_What the task asks_.
Make an exact copy of every record that follows.
=-=-=-=-=
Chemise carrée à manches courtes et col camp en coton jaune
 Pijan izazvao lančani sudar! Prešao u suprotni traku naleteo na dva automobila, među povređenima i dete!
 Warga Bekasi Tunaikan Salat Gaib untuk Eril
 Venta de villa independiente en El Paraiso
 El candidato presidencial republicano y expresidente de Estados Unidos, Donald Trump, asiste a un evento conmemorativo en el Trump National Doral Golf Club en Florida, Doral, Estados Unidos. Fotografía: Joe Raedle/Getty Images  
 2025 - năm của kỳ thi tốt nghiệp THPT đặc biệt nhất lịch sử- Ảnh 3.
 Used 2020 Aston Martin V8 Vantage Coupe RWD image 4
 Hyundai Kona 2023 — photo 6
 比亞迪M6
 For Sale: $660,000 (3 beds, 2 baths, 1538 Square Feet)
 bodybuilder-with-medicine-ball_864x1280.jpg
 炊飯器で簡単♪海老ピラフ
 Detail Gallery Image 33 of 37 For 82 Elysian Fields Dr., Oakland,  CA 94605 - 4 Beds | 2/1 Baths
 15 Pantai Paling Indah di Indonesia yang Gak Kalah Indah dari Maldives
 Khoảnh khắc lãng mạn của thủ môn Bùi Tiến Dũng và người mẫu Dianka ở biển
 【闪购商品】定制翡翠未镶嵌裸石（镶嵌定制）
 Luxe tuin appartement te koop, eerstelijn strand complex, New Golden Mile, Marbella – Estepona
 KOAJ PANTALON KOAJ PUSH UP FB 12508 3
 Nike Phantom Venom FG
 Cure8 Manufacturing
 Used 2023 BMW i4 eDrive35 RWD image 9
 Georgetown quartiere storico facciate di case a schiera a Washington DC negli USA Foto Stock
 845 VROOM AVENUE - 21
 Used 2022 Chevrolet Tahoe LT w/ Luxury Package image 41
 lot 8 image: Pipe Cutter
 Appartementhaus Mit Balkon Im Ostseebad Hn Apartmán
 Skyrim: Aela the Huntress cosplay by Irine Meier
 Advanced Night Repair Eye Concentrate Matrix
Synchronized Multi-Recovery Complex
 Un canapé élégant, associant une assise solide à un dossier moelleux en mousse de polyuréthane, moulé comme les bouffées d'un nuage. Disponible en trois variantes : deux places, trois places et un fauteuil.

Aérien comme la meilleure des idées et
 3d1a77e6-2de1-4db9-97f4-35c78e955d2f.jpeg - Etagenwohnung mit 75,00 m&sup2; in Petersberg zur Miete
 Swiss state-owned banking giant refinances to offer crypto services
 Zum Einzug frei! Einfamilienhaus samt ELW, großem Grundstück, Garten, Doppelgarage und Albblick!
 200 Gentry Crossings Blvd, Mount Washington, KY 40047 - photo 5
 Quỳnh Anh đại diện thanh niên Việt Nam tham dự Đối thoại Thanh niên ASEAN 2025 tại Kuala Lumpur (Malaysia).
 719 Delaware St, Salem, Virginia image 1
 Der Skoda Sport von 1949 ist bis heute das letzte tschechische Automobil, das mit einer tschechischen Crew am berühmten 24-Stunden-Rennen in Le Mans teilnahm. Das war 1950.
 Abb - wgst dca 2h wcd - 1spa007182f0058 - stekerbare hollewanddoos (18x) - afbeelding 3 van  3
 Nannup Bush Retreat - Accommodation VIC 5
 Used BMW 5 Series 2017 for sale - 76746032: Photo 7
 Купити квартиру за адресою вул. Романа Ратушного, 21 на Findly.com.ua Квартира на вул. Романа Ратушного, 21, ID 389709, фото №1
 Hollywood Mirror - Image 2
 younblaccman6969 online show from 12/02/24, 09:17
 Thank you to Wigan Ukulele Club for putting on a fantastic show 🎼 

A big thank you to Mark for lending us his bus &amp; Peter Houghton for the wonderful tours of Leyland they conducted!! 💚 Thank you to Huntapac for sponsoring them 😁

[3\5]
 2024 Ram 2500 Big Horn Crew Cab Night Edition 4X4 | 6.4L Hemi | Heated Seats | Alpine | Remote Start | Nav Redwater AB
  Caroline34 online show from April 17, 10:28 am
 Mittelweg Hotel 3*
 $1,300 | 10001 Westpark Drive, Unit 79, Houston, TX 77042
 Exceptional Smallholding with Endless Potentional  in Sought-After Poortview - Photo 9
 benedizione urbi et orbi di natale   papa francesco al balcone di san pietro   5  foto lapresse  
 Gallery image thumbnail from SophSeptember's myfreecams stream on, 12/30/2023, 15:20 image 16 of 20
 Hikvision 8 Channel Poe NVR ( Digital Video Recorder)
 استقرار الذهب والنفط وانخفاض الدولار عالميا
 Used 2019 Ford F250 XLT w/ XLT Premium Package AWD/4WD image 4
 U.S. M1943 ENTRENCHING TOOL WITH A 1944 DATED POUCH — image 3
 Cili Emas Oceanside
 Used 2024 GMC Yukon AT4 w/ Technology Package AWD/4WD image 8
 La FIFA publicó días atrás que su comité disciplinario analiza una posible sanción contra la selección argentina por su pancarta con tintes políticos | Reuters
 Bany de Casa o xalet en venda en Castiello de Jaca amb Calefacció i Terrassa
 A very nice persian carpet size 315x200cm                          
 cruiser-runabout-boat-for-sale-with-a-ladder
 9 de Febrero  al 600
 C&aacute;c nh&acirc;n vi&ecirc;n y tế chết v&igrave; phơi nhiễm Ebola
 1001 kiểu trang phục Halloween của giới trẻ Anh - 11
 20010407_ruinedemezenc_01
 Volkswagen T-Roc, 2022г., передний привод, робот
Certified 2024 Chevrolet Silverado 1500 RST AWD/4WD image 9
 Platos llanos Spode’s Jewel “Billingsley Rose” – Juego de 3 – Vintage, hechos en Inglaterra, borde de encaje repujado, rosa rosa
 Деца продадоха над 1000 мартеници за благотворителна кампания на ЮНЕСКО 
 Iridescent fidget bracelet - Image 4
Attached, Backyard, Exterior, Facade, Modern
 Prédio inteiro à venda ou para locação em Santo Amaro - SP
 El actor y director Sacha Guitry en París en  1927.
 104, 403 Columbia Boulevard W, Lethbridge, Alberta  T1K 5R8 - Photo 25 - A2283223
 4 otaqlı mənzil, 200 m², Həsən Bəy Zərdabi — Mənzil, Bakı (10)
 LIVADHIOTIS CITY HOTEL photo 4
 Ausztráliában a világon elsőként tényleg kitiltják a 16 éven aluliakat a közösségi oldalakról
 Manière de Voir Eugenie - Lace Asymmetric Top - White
=-=-=-=-=
_Problem solution_.
Chemise carrée à manches courtes et col camp en coton jaune
 Pijan izazvao lančani sudar! Prešao u suprotni traku naleteo na dva automobila, među povređenima i dete!
 Warga Bekasi Tunaikan Salat Gaib untuk Eril
 Venta de villa independiente en El Paraiso
 El candidato presidencial republicano y expresidente de Estados Unidos, Donald Trump, asiste a un evento conmemorativo en el Trump National Doral Golf Club en Florida, Doral, Estados Unidos. Fotografía: Joe Raedle/Getty Images  
 2025 - năm của kỳ thi tốt nghiệp THPT đặc biệt nhất lịch sử- Ảnh 3.
 Used 2020 Aston Martin V8 Vantage Coupe RWD image 4
 Hyundai Kona 2023 — photo 6
 比亞迪M6
 For Sale: $660,000 (3 beds, 2 baths, 1538 Square Feet)
 bodybuilder-with-medicine-ball_864x1280.jpg
 炊飯器で簡単♪海老ピラフ
 Detail Gallery Image 33 of 37 For 82 Elysian Fields Dr., Oakland,  CA 94605 - 4 Beds | 2/1 Baths
 15 Pantai Paling Indah di Indonesia yang Gak Kalah Indah dari Maldives
 Khoảnh khắc lãng mạn của thủ môn Bùi Tiến Dũng và người mẫu Dianka ở biển
 【闪购商品】定制翡翠未镶嵌裸石（镶嵌定制）
 Luxe tuin appartement te koop, eerstelijn strand complex, New Golden Mile, Marbella – Estepona
 KOAJ PANTALON KOAJ PUSH UP FB 12508 3
 Nike Phantom Venom FG
 Cure8 Manufacturing
 Used 2023 BMW i4 eDrive35 RWD image 9
 Georgetown quartiere storico facciate di case a schiera a Washington DC negli USA Foto Stock
 845 VROOM AVENUE - 21
 Used 2022 Chevrolet Tahoe LT w/ Luxury Package image 41
 lot 8 image: Pipe Cutter
 Appartementhaus Mit Balkon Im Ostseebad Hn Apartmán
 Skyrim: Aela the Huntress cosplay by Irine Meier
 Advanced Night Repair Eye Concentrate Matrix
Synchronized Multi-Recovery Complex
 Un canapé élégant, associant une assise solide à un dossier moelleux en mousse de polyuréthane, moulé comme les bouffées d'un nuage. Disponible en trois variantes : deux places, trois places et un fauteuil.

Aérien comme la meilleure des idées et
 3d1a77e6-2de1-4db9-97f4-35c78e955d2f.jpeg - Etagenwohnung mit 75,00 m&sup2; in Petersberg zur Miete
 Swiss state-owned banking giant refinances to offer crypto services
 Zum Einzug frei! Einfamilienhaus samt ELW, großem Grundstück, Garten, Doppelgarage und Albblick!
 200 Gentry Crossings Blvd, Mount Washington, KY 40047 - photo 5
 Quỳnh Anh đại diện thanh niên Việt Nam tham dự Đối thoại Thanh niên ASEAN 2025 tại Kuala Lumpur (Malaysia).
 719 Delaware St, Salem, Virginia image 1
 Der Skoda Sport von 1949 ist bis heute das letzte tschechische Automobil, das mit einer tschechischen Crew am berühmten 24-Stunden-Rennen in Le Mans teilnahm. Das war 1950.
 Abb - wgst dca 2h wcd - 1spa007182f0058 - stekerbare hollewanddoos (18x) - afbeelding 3 van  3
 Nannup Bush Retreat - Accommodation VIC 5
 Used BMW 5 Series 2017 for sale - 76746032: Photo 7
 Купити квартиру за адресою вул. Романа Ратушного, 21 на Findly.com.ua Квартира на вул. Романа Ратушного, 21, ID 389709, фото №1
 Hollywood Mirror - Image 2
 younblaccman6969 online show from 12/02/24, 09:17
 Thank you to Wigan Ukulele Club for putting on a fantastic show 🎼 

A big thank you to Mark for lending us his bus &amp; Peter Houghton for the wonderful tours of Leyland they conducted!! 💚 Thank you to Huntapac for sponsoring them 😁

[3\5]
 2024 Ram 2500 Big Horn Crew Cab Night Edition 4X4 | 6.4L Hemi | Heated Seats | Alpine | Remote Start | Nav Redwater AB
  Caroline34 online show from April 17, 10:28 am
 Mittelweg Hotel 3*
 $1,300 | 10001 Westpark Drive, Unit 79, Houston, TX 77042
 Exceptional Smallholding with Endless Potentional  in Sought-After Poortview - Photo 9
 benedizione urbi et orbi di natale   papa francesco al balcone di san pietro   5  foto lapresse  
 Gallery image thumbnail from SophSeptember's myfreecams stream on, 12/30/2023, 15:20 image 16 of 20
 Hikvision 8 Channel Poe NVR ( Digital Video Recorder)
 استقرار الذهب والنفط وانخفاض الدولار عالميا
 Used 2019 Ford F250 XLT w/ XLT Premium Package AWD/4WD image 4
 U.S. M1943 ENTRENCHING TOOL WITH A 1944 DATED POUCH — image 3
 Cili Emas Oceanside
 Used 2024 GMC Yukon AT4 w/ Technology Package AWD/4WD image 8
 La FIFA publicó días atrás que su comité disciplinario analiza una posible sanción contra la selección argentina por su pancarta con tintes políticos | Reuters
 Bany de Casa o xalet en venda en Castiello de Jaca amb Calefacció i Terrassa
 A very nice persian carpet size 315x200cm                          
 cruiser-runabout-boat-for-sale-with-a-ladder
 9 de Febrero  al 600
 C&aacute;c nh&acirc;n vi&ecirc;n y tế chết v&igrave; phơi nhiễm Ebola
 1001 kiểu trang phục Halloween của giới trẻ Anh - 11
 20010407_ruinedemezenc_01
 Volkswagen T-Roc, 2022г., передний привод, робот
Certified 2024 Chevrolet Silverado 1500 RST AWD/4WD image 9
 Platos llanos Spode’s Jewel “Billingsley Rose” – Juego de 3 – Vintage, hechos en Inglaterra, borde de encaje repujado, rosa rosa
 Деца продадоха над 1000 мартеници за благотворителна кампания на ЮНЕСКО 
 Iridescent fidget bracelet - Image 4
Attached, Backyard, Exterior, Facade, Modern
 Prédio inteiro à venda ou para locação em Santo Amaro - SP
 El actor y director Sacha Guitry en París en  1927.
 104, 403 Columbia Boulevard W, Lethbridge, Alberta  T1K 5R8 - Photo 25 - A2283223
 4 otaqlı mənzil, 200 m², Həsən Bəy Zərdabi — Mənzil, Bakı (10)
 LIVADHIOTIS CITY HOTEL photo 4
 Ausztráliában a világon elsőként tényleg kitiltják a 16 éven aluliakat a közösségi oldalakról
 Manière de Voir Eugenie - Lace Asymmetric Top - White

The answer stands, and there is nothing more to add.